Thoughtex, my mind-mapping/brainstorming application written in WPF was launched about 3 months ago. Thanks to some generous linking by the likes of FrankArr (we’ll miss you Frank) and a few others it was downloaded many thousands of times. By all accounts a great success for a free product, but that is only half the story.
The other half is the money side. Although I developed Thoughtex mostly for fun, and released it for free, I had an idea of how to commercialize it by building in contextual advertising. The idea was this – as you’re making a mind-map Thoughtex shows you links to various kinds of related things: web pages, images, books, files on your local file-system etc. If you see a book that interests you, and you buy it from Amazon I make a few dollars. After all, I reasoned, you’re clearly interested in a particular topic because you’re creating a mind map about it. Surely a few people will click on those book links and buy books? It seemed like a cool way to monetize software – users would be served useful contextual ads, and I could grow filthy* rich in the process. Also it removed a significant barrier to end-users trying out a piece of software. They wouldn’t have to go through the rigmarole of paying for it, and I wouldn’t have to worry about collecting the money, which would be surely coming in vast amounts. No more nagware or trial versions that expire after 30 days or only let you create a really simple file or whatever. Just pure software development and revenue.
Except it didn’t work.
I should have seen the writing on the wall. I showed the app to several people, mostly developers with a bit of a commercial bend to them. All of them said I should charge money for it. The whole “perceived value” thing. “You can always lower the price later” they said. I wanted to give this alternate model a try. Certainly lots of web-sites are created to be funded by Google AdSense# revenue, but I hadn’t seen this done many times with software.

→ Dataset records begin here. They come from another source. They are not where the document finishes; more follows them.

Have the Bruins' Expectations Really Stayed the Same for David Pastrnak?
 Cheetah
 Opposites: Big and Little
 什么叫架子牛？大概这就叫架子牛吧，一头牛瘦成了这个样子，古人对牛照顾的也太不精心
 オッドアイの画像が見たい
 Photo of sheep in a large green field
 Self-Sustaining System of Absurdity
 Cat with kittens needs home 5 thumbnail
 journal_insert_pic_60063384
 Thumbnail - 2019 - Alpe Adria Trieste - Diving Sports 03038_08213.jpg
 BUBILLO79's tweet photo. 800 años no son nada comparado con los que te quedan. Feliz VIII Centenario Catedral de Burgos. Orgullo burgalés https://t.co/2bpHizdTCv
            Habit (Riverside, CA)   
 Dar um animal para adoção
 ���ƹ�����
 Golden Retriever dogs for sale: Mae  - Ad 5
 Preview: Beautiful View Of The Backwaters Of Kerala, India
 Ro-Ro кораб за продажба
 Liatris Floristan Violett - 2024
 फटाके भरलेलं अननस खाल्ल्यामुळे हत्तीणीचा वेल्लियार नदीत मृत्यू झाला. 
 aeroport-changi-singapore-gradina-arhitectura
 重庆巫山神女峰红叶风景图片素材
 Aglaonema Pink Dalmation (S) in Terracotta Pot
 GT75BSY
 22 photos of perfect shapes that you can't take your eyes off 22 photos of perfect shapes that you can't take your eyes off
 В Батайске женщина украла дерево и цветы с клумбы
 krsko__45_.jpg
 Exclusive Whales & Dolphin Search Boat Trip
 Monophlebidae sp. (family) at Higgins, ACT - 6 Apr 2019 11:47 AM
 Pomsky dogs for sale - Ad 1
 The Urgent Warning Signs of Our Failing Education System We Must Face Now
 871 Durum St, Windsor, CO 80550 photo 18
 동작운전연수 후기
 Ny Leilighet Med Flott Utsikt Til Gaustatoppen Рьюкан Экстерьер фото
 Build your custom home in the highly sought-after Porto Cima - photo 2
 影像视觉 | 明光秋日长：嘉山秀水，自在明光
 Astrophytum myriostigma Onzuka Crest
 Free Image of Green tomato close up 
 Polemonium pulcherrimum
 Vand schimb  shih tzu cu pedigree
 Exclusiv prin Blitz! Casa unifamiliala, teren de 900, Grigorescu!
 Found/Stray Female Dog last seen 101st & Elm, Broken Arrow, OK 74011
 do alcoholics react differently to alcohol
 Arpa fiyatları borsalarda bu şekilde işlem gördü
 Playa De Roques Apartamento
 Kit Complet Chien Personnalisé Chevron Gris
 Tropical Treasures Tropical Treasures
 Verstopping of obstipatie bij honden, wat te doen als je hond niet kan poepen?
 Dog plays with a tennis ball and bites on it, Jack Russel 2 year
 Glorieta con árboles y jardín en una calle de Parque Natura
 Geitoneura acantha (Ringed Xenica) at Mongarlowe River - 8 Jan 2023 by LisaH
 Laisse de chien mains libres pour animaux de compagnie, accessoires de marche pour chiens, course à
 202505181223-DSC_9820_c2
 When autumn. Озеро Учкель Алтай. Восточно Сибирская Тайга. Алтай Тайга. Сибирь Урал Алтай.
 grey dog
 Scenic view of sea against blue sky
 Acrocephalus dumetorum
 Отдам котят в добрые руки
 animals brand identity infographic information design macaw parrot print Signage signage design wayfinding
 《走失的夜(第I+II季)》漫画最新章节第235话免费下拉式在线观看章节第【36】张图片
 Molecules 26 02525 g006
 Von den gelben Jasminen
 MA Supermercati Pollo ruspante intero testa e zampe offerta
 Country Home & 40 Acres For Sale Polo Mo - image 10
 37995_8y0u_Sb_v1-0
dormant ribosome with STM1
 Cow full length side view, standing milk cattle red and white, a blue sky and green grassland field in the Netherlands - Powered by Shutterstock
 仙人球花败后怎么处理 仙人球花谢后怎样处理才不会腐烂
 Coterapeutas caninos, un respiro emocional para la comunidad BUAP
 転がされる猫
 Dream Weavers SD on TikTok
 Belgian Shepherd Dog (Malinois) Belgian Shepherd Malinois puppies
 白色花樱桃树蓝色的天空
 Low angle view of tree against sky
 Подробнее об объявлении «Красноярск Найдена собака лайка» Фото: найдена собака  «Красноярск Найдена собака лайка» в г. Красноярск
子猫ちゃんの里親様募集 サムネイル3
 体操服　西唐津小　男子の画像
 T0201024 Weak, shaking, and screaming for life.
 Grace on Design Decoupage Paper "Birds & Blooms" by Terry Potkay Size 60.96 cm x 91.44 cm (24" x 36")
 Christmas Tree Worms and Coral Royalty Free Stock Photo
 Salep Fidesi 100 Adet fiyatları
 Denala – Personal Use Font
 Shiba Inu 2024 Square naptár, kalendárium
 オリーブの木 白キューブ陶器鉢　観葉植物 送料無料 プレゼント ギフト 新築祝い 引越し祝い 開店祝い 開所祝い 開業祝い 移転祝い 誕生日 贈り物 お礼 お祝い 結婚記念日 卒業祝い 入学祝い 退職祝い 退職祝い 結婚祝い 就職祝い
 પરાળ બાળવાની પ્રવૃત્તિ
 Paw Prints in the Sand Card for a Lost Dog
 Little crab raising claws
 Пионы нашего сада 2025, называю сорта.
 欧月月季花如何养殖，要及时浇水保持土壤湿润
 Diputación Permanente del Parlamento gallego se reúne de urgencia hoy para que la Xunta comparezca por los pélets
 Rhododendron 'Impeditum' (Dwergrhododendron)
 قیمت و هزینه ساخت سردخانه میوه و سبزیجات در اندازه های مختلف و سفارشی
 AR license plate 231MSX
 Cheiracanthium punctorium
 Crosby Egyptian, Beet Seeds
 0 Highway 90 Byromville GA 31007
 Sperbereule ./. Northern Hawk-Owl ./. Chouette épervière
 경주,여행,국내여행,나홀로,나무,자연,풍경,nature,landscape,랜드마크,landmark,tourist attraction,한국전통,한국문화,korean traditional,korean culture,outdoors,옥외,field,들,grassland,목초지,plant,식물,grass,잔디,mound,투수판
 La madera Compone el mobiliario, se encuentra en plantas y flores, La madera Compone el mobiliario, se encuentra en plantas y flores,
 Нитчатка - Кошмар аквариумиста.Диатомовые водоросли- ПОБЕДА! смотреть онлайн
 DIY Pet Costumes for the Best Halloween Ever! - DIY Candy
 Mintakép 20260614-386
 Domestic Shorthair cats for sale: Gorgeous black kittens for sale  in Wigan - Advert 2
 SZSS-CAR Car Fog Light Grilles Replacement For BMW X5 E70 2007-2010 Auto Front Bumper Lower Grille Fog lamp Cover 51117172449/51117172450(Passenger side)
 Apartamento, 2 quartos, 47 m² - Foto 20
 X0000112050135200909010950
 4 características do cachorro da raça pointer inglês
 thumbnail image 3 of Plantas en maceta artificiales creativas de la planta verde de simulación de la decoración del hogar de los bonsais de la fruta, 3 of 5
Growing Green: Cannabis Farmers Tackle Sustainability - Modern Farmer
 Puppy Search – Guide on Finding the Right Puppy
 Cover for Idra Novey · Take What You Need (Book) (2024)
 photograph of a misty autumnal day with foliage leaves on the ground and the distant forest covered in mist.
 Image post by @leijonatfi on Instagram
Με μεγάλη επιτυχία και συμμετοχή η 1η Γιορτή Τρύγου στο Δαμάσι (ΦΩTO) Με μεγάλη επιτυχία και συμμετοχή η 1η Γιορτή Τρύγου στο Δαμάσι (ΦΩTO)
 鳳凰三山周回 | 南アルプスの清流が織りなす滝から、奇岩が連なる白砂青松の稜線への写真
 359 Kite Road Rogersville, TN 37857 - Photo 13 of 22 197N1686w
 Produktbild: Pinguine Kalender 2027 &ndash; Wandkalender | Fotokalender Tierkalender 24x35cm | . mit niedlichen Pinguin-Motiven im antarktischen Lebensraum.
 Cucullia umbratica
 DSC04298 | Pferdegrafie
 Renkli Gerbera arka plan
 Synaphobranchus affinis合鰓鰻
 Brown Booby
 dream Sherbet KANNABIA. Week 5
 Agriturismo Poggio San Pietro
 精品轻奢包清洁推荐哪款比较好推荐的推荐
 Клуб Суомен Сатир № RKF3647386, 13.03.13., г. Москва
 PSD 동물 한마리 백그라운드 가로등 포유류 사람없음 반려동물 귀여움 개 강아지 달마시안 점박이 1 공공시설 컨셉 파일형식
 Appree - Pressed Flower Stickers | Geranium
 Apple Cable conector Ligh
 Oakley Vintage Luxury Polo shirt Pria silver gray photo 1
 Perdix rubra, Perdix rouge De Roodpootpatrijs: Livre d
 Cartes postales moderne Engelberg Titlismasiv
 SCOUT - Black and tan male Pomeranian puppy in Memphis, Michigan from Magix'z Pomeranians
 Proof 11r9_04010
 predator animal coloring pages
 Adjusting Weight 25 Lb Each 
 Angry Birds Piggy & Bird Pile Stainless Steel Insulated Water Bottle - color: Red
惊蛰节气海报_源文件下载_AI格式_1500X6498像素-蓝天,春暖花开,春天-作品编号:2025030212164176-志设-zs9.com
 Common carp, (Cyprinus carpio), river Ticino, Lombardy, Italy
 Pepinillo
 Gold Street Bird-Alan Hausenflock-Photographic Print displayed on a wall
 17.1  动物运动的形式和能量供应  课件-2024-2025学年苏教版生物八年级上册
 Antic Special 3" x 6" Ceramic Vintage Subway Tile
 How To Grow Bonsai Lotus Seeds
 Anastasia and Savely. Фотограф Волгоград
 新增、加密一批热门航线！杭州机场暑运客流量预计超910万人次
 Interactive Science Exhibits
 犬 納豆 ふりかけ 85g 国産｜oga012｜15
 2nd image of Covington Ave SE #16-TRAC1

Sometimes, when everyone says you’re wrong you’re not a mogul or a visionary, you’re just wrong
Since Thoughtex went live I’ve earned exactly 66 cents from its contextual advertising, from exactly one sale of a Logitech Attack3 Joystick.
If you bought that Joystick through Thoughtex I’d love to send you a thankyou card, but at this point I probably can’t afford to. Based on my domain registration costs and hosting costs, and the time I estimate I have spent on it (roughly 100 hours) I’ve lost about 24 cents every hour I’ve been working on it. Development on Thoughtex and feature planning continues. The dreams of earning a small income from the advertising revenue were only a fun sideline to the joys of the main event - trying out cool stuff with WPF. Who knows – some small tweaks to the UI could make “clicking on books” more attractive, which could lead to more sales, but at this stage I’ve told my wife that unless there is a dramatic change in the mind-mapping industry I won’t be going into early retirement. I’d love to hear of other people who have tried this model to fund their application development, and also to act as a cautionary tale to others who might be contemplating the same thing.
* For very small values of filthy rich.
#AdSense can’t be used in rich-client applications. It violates the Terms of Service. Opera came to some kind of special arrangement.